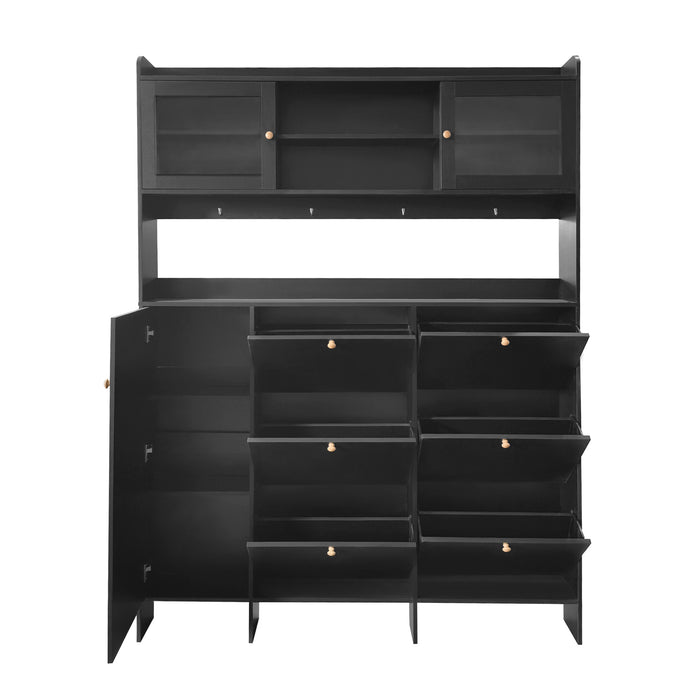 [VIDEO provided] ON-TREND Multifunctional Shoe Cabinet with Storage Shelf & 6 Flip Drawers, Modern Large Hall Tree with Tempered Glass Doors, Elegant Foyer Cabinet with 4 Hooks for Hallway, Black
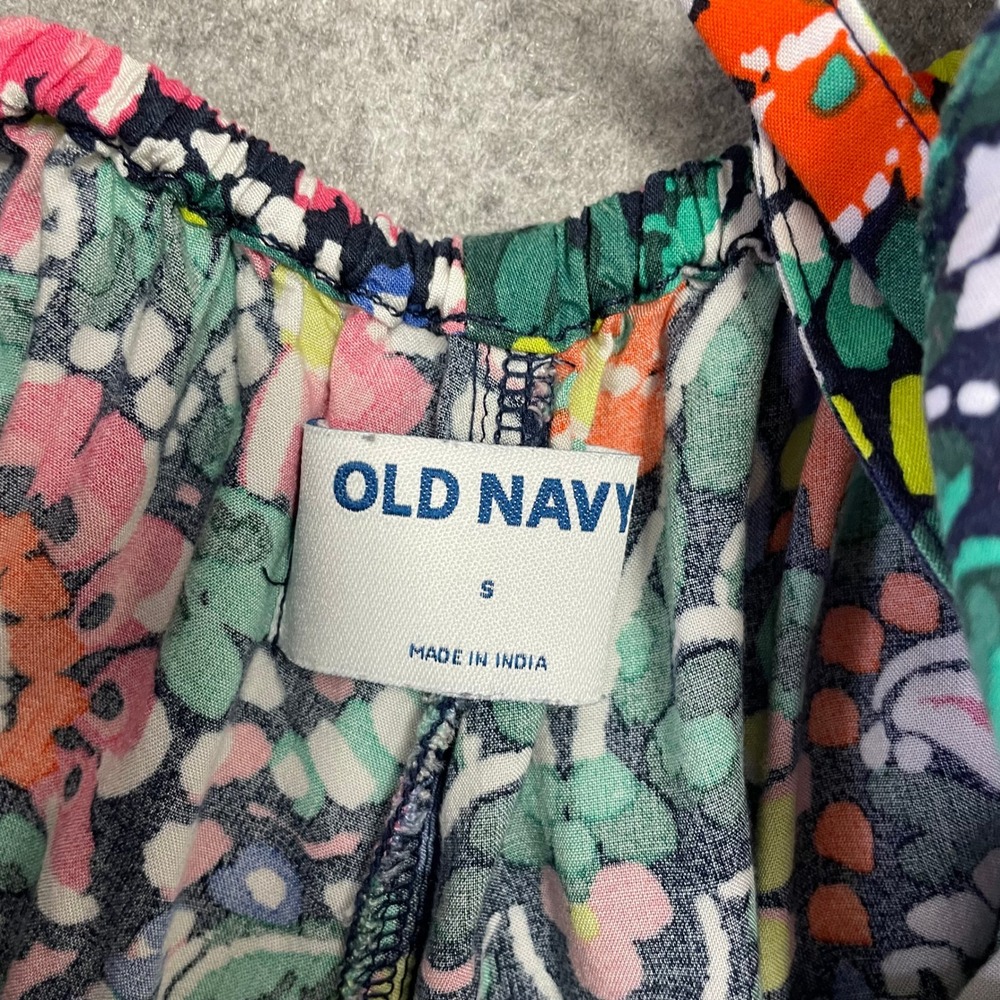 Old Navy Womens Small Floral Paisley Maxi Dress V-Neck Smocked Waist Cutout Back - Picture 7 of 15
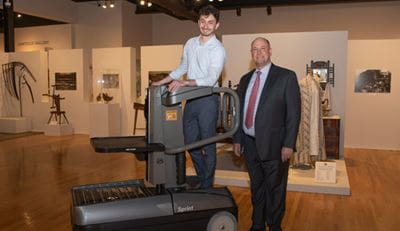 Roberson Museum member rides on new Raymond Basic Sprint 2.0 donated by The Raymond Corporation.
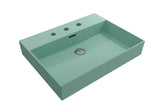 BOCCHI Milano 24" Rectangle Wallmount Fireclay Bathroom Sink, Matte Mint Green, 3 Faucet Hole, 1376-033-0127
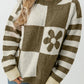 Green Checkered Floral Print Striped Sleeve Sweater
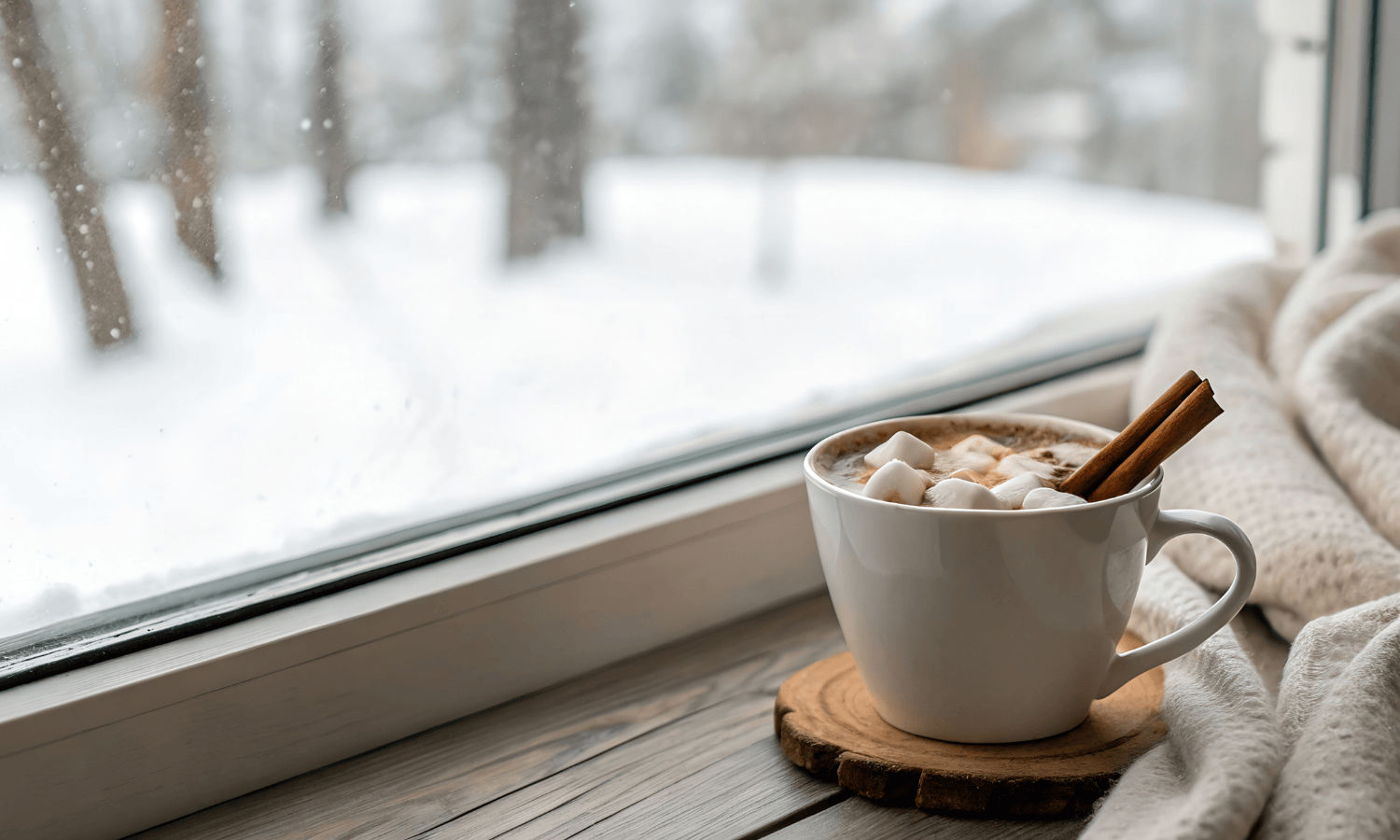 A cozy mug of hot chocolate topped with whipped cream and marshmallows, surrounded by winter accents.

- _Your goal_
Reproduce exactly and only the lines from the line that contains "Faucet Hole, 1376-033-0127" to the end of the data above, both ends included. No pictures go in the copy.

- _Expected answer_
 BOCCHI Milano 24" Rectangle Wallmount Fireclay Bathroom Sink, Matte Mint Green, 3 Faucet Hole, 1376-033-0127
 Green Checkered Floral Print Striped Sleeve Sweater
 A cozy mug of hot chocolate topped with whipped cream and marshmallows, surrounded by winter accents.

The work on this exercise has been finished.